Saturday, 30 August 2014

Fun on the farm.

Well how about that. Another post and a month hasn't gone by. Go me!
I am feeling rather delicate after a wonderful night out with pals with lots of music, laughs and drinkies enjoyed after another heavy week at work. Actually I am totally surprised I didn't fall asleep at about 9pm (yep, I am such a hard core rager) as I felt I was already flagging. Luckily there was so much fun to be had, there just wasn't time to fall asleep!
We are starting to feel very Spring like here, and this weekend there is an abundance of glorious sunshine to frolic in. A few weekends back we also took advantage of a rain free day and headed to Caldermeade Farm, which is a working dairy farm and cafe and lots of fun for kids and grown ups alike. And a perfect excuse to don my newly purchased vintage mohair coat in the most divine tones of olive and green.
We wandered around the barn like viewing room amidst nostalgic old farming paraphernalia.

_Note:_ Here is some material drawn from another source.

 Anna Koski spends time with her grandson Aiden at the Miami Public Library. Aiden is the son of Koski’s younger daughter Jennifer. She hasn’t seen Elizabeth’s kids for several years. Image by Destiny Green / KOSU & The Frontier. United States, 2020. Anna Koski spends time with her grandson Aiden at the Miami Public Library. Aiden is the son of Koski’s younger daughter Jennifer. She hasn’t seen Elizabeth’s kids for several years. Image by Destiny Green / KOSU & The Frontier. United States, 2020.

Oh how I would have loved to take this beauty home!
We did try and read some of the information about the farm displayed, but posing and playing took precedence.
This is the adorable cafe that was once the old homestead, and now is a great place to relax by the warming fires with a lovely hot cup of chai.
Hi moo's! It wasn't milking time when we visited the farm, so the ladies were at leisure, munching away peacefully in the sunshine.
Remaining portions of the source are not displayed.